* Material for the task:
........
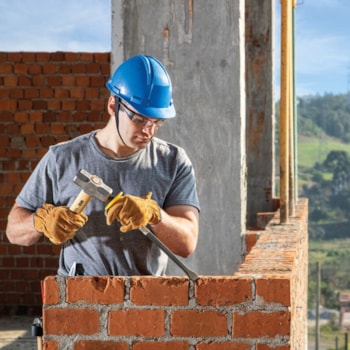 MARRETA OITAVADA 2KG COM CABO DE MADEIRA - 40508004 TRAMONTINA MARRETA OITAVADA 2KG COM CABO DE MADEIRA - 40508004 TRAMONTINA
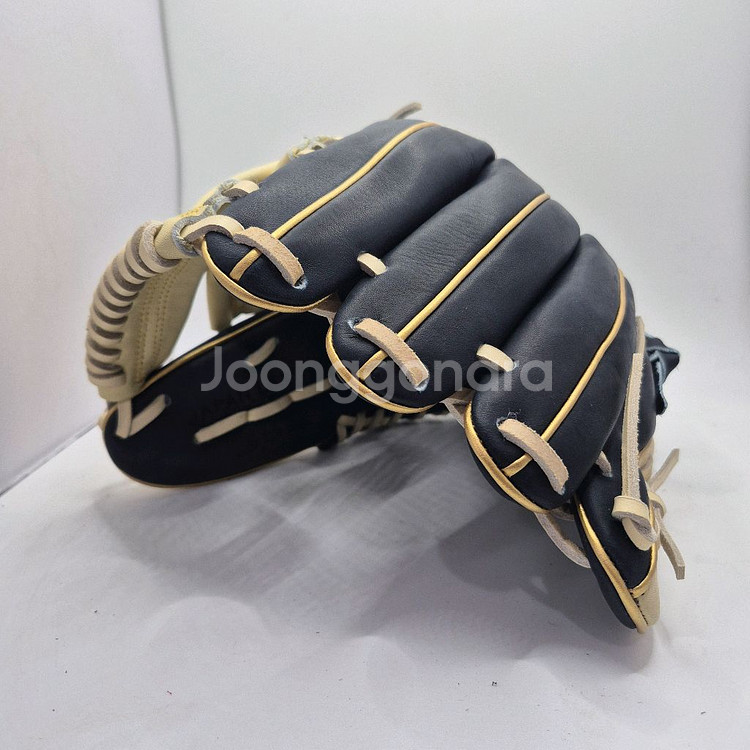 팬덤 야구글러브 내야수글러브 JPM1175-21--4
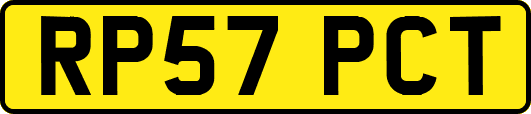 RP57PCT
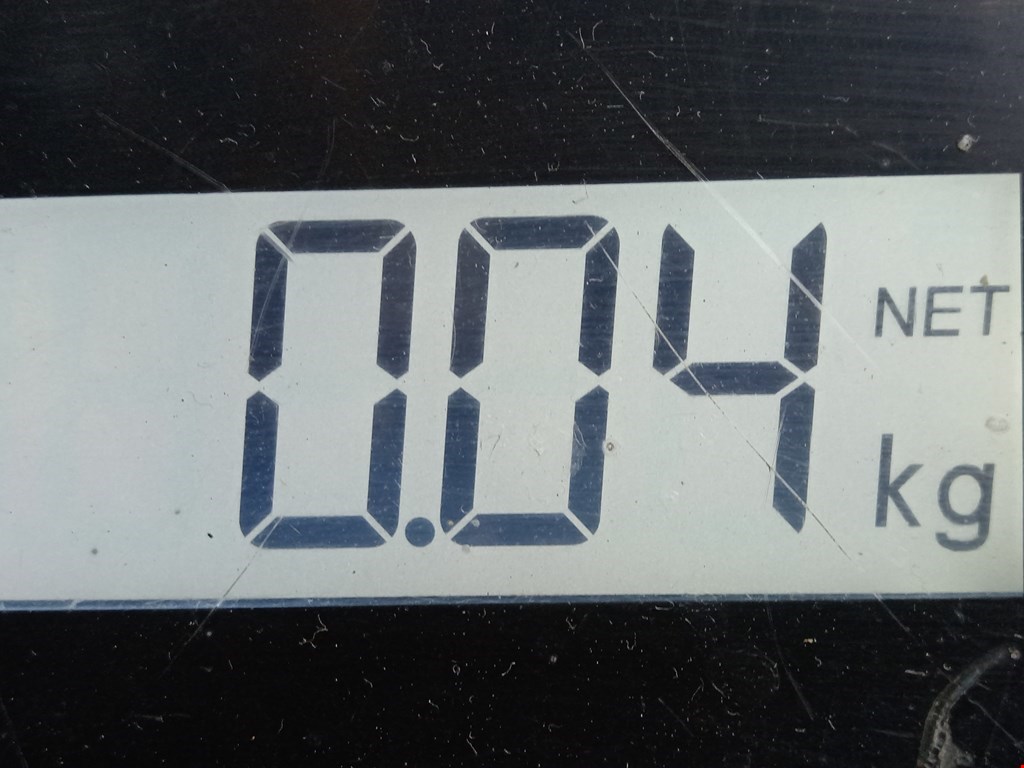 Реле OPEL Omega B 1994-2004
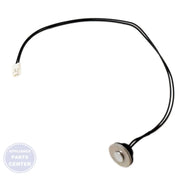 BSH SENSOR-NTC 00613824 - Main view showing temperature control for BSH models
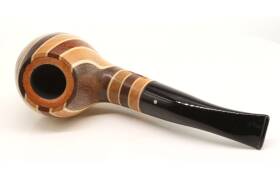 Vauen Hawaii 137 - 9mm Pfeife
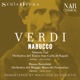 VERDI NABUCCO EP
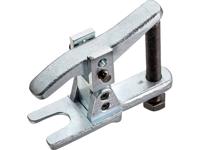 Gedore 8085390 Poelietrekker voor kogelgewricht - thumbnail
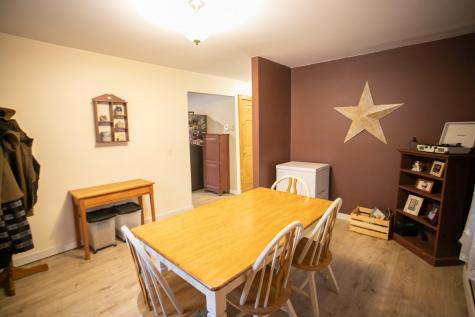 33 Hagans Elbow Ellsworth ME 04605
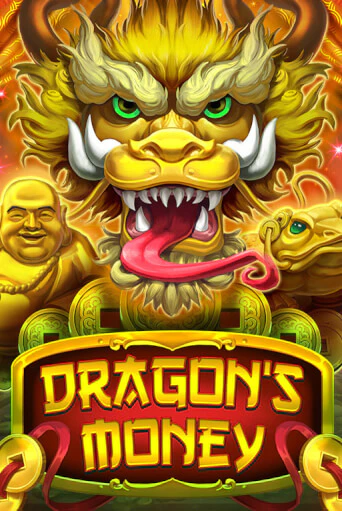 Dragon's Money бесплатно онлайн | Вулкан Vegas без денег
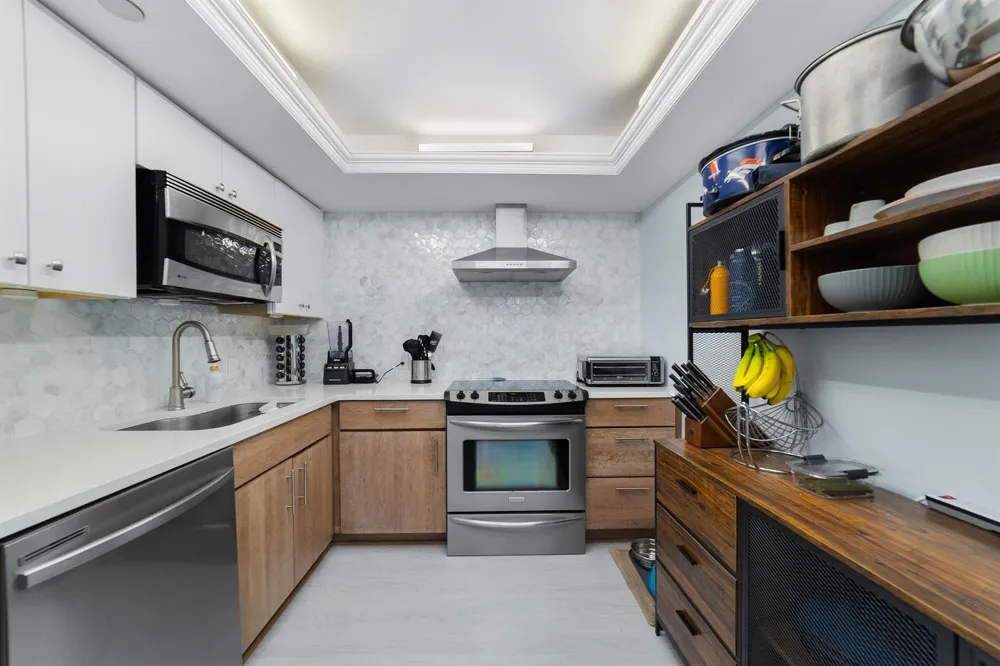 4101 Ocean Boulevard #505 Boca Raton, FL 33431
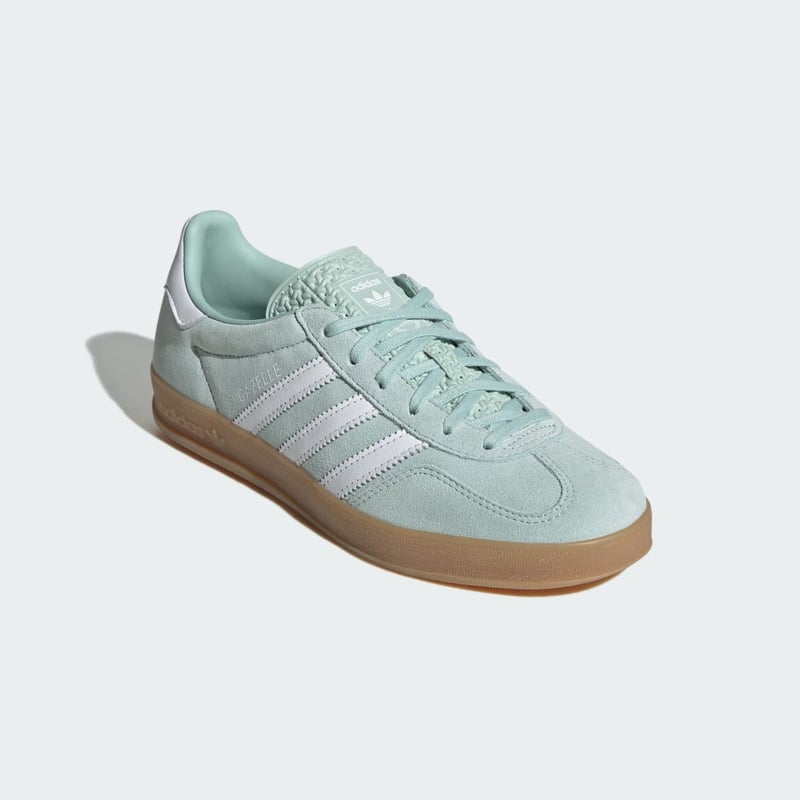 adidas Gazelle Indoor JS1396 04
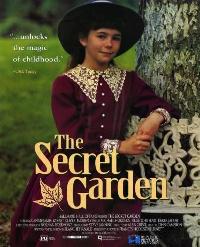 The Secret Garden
........
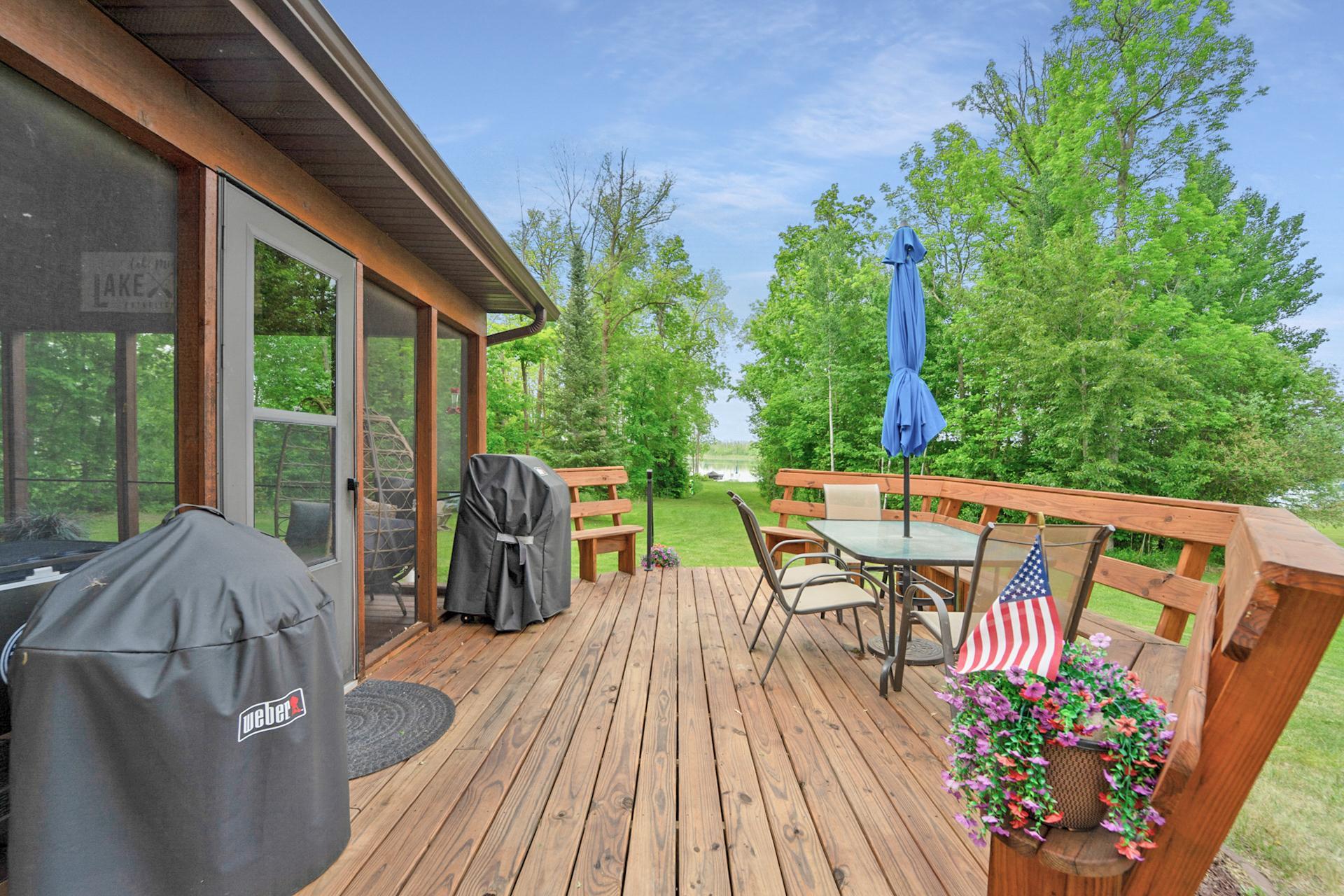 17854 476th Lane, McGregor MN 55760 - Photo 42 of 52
........
* Required work: Look above for the line with "4101 Ocean Boulevard" and the line with "The Secret Garden". Copy them and every line between, exactly, but no pictures.

* Task response:
 4101 Ocean Boulevard #505 Boca Raton, FL 33431
 adidas Gazelle Indoor JS1396 04
 The Secret Garden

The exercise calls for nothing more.